Today’s mortgage and refinance rates 

Average mortgage rates edged lower again last Friday. That week’s falls have been welcome. But they don’t even restore rates to their level the previous Friday, let alone make a serious dent in the rises since Jan. 1.

Still, so far this morning, mortgage rates today look likely to fall again. That’s mostly on concerns about a Federal Reserve report due on Wednesday and fears about a possible Russian invasion of Ukraine.

Find your lowest rate. Start here (Jan 25th, 2022)

Current mortgage and refinance rates 

Program Mortgage Rate APR* Change
Conventional 30 year fixed 3.773% 3.798% Unchanged
Conventional 15 year fixed 3.117% 3.153% Unchanged
Conventional 20 year fixed 3.434% 3.475% Unchanged
Conventional 10 year fixed 3.02% 3.085% Unchanged
30 year fixed FHA 3.852% 4.628% Unchanged
15 year fixed FHA 3.097% 3.749% Unchanged
5/1 ARM FHA 3.606% 3.956% Unchanged
30 year fixed VA 3.936% 4.145% +0.03%
15 year fixed VA 3.266% 3.607% Unchanged
5/1 ARM VA 3.106% 2.937% Unchanged
Rates are provided by our partner network, and may not reflect the market.

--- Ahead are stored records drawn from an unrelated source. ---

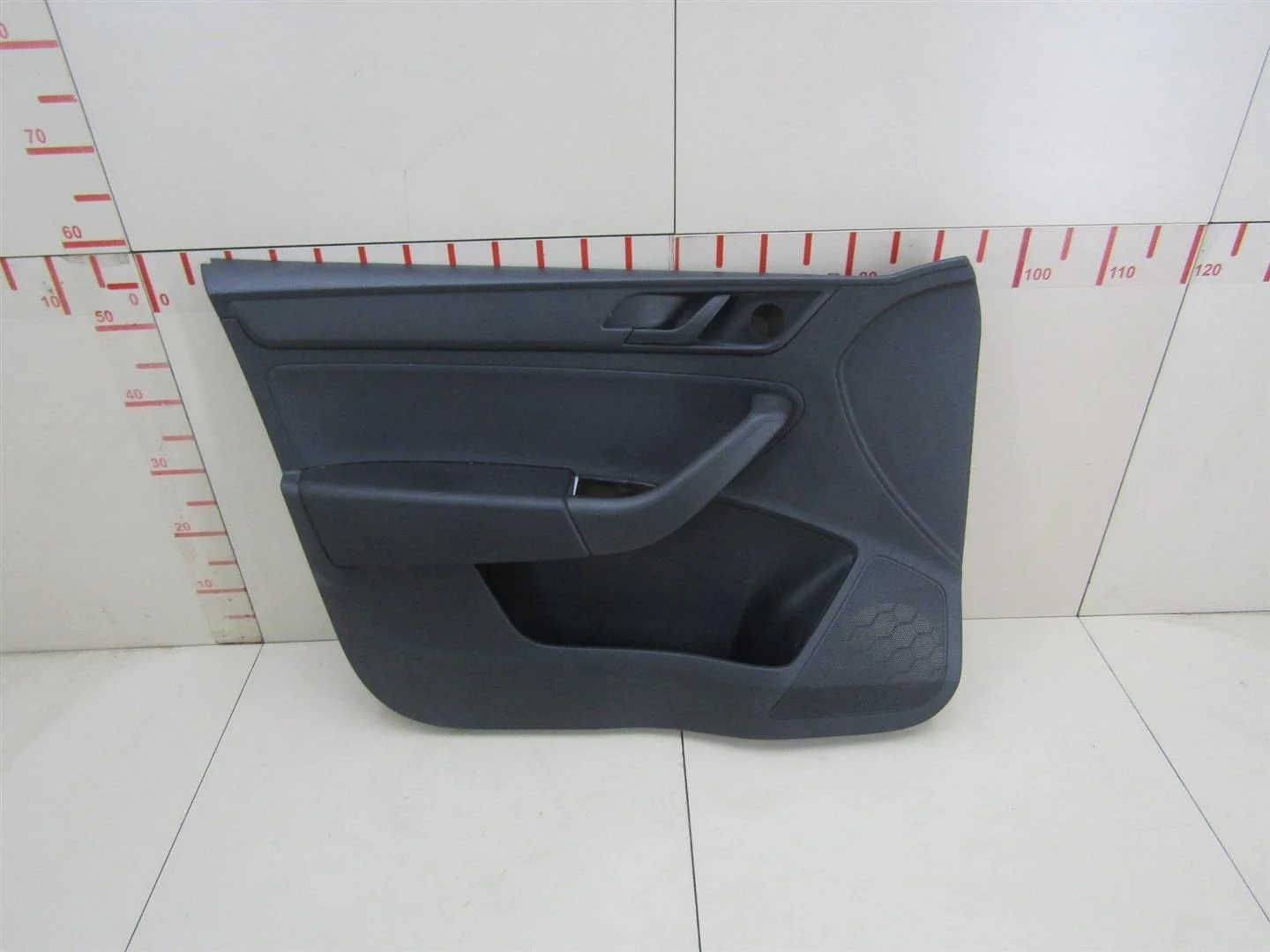 Обшивка двери передней левой Skoda Rapid 2013-2020  [60U867013ACCI ]  1.2 CGPC в Вологде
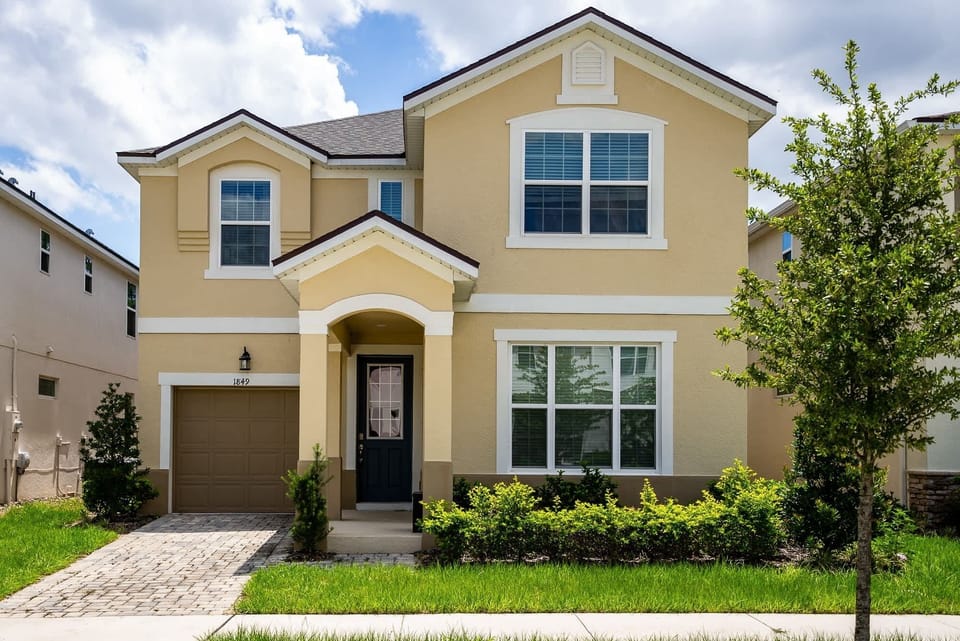 Brand New 6 Bedroom Home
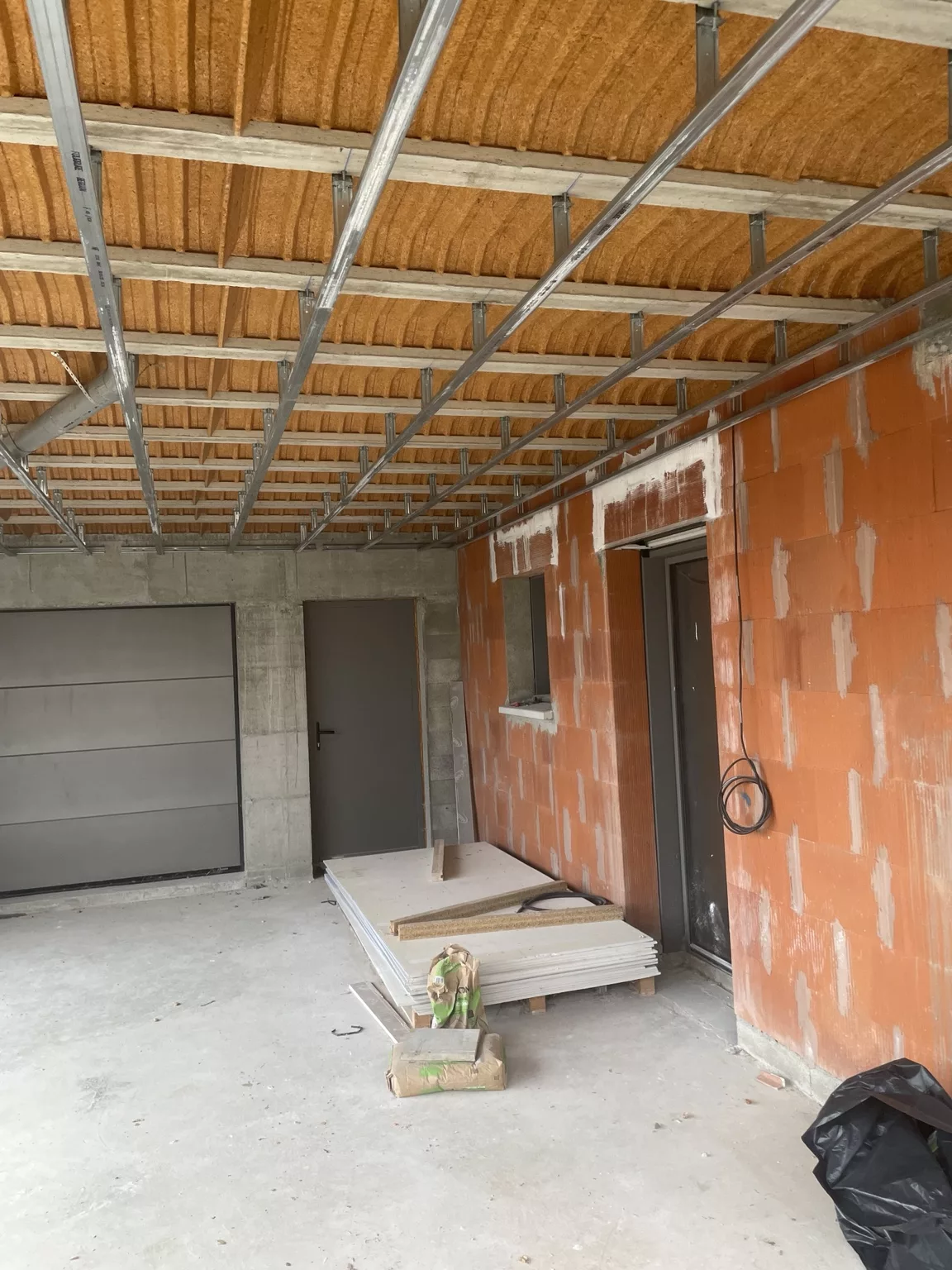 Préparation de l’ossature d’un plafond extérieur en placo à Portes-lès-Valence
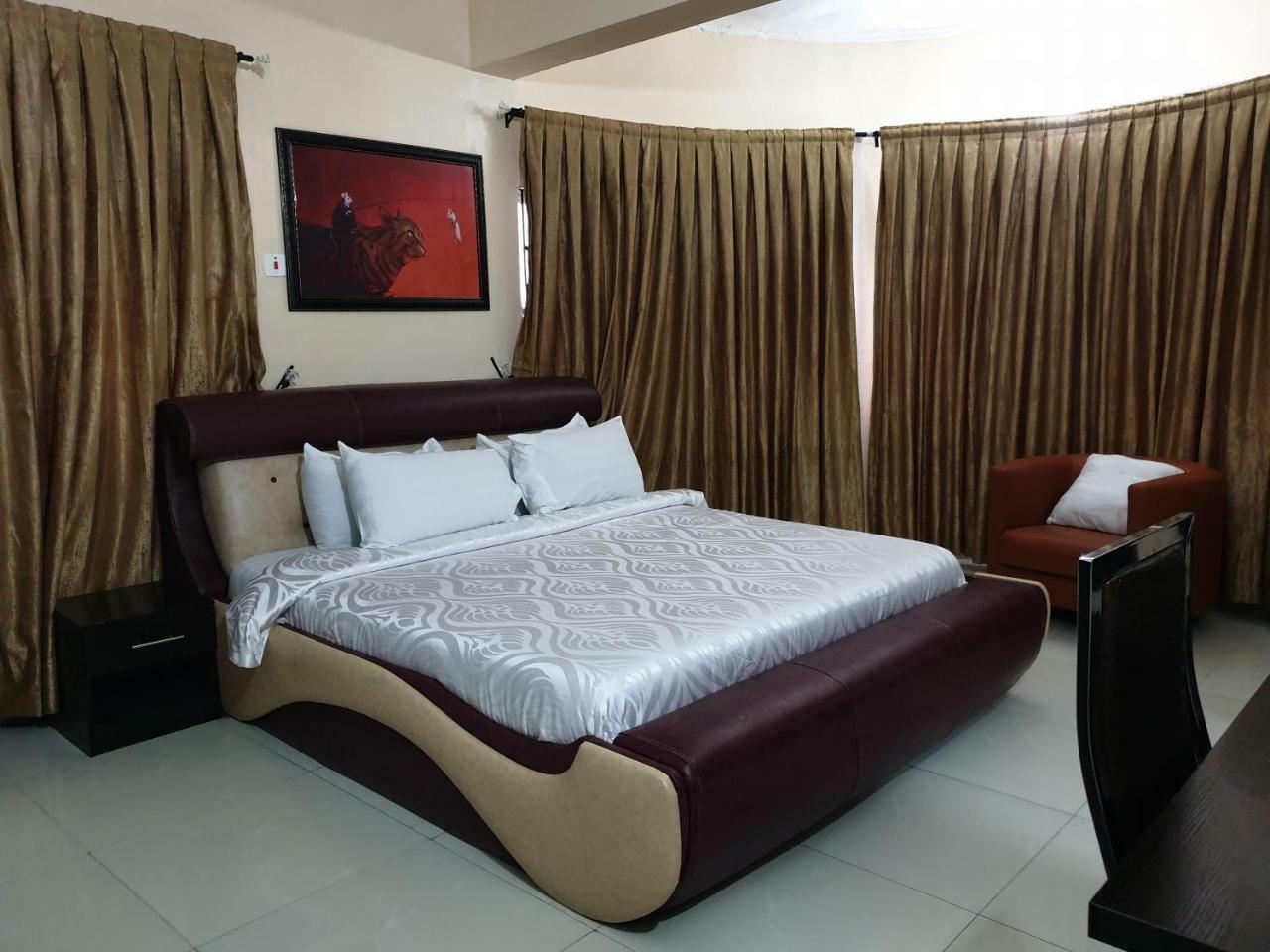 Primal Aparthotel Ikoyi Lagos Bagian luar foto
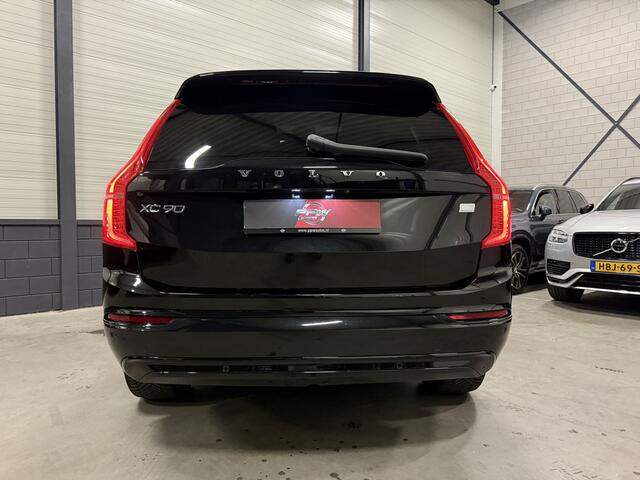 Volvo XC90 T8 Recharge AWD R-Design BLACK LONG RANGE PANO/TREKHAAK/HEAD-UP/MEMORY/H&K/CAMERA/ACC/PILOT-ASSIST/KEYLESS/LEER-SPORT/GOOGLE/PRIVACY/20"/ULTIMATE DARK/NET OH BEURT GEHAD BIJ VOLVO/NIEUW MODEL 2023 MET NIEUWE DASHBOARD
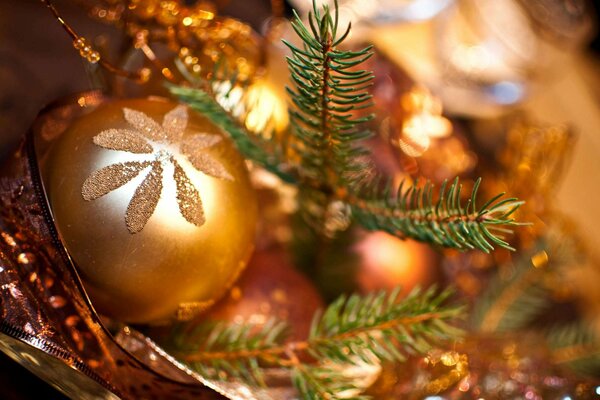 Bola de oro en el árbol de Navidad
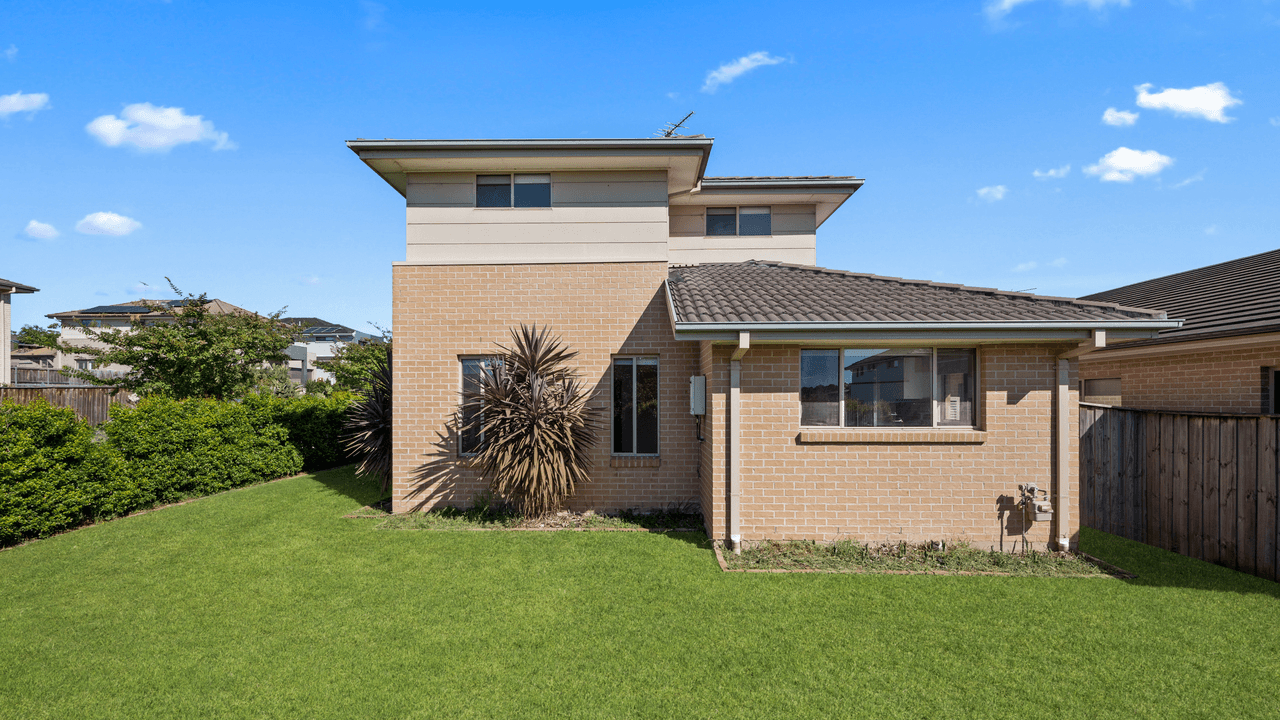 21 Talana Hill Drive, EDMONDSON PARK, NSW 2174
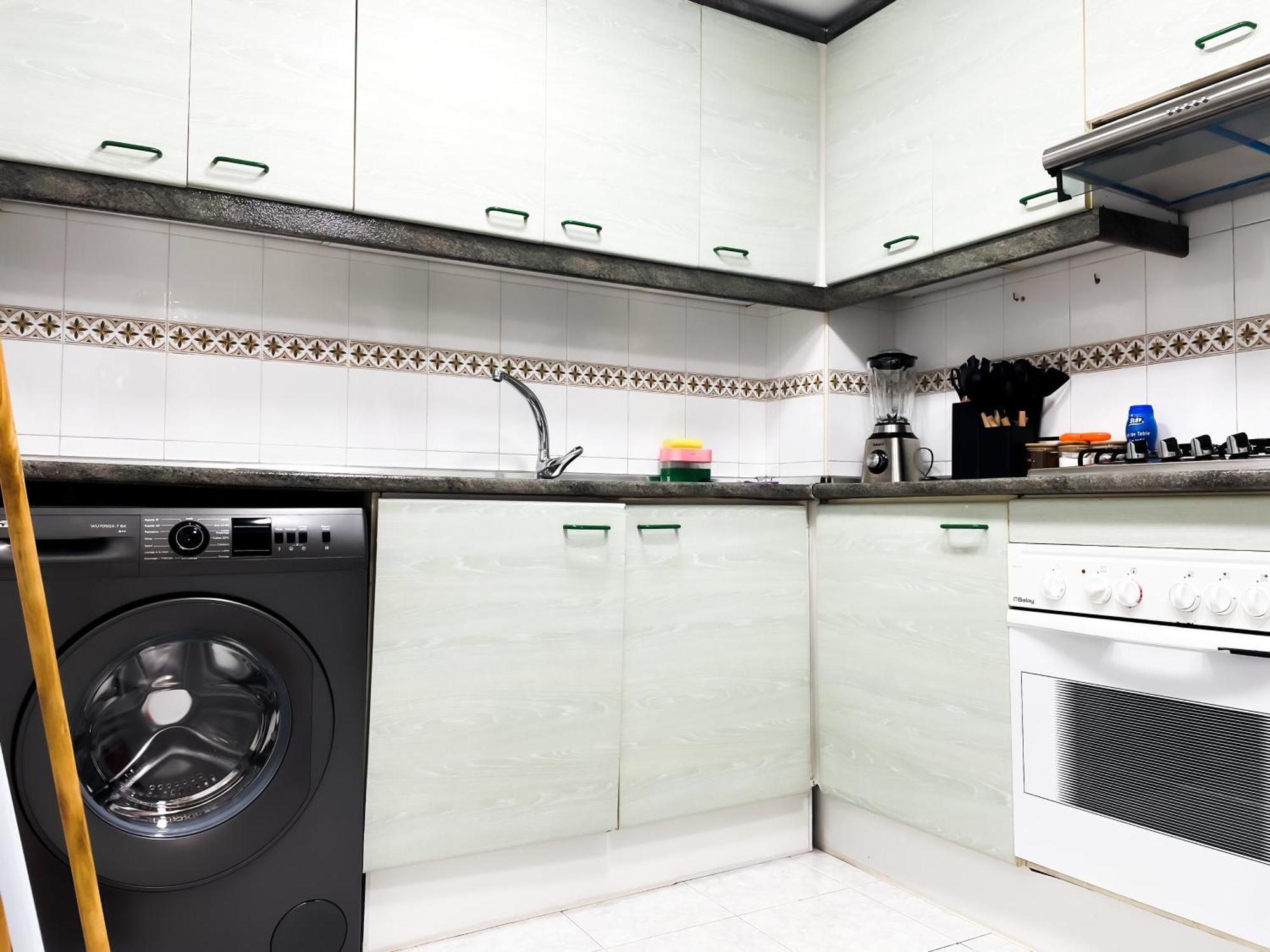 Appartement Cozy And Fully Equipped For Comfort And Luxury, Near The Train Station And Facing Hilton Air Conditioner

Your rate might be different. Click here for a personalized rate quote. See our rate assumptions here.

Should you lock a mortgage rate today?

I’d lock my mortgage rate soon if I were you. Of course, that carries some risk, if those rates move lower. And I wouldn’t lock on a day when they look likely to fall, such as today.

But I believe they’re more likely to rise than fall over the coming weeks and months. Just be aware that not all experts agree with me.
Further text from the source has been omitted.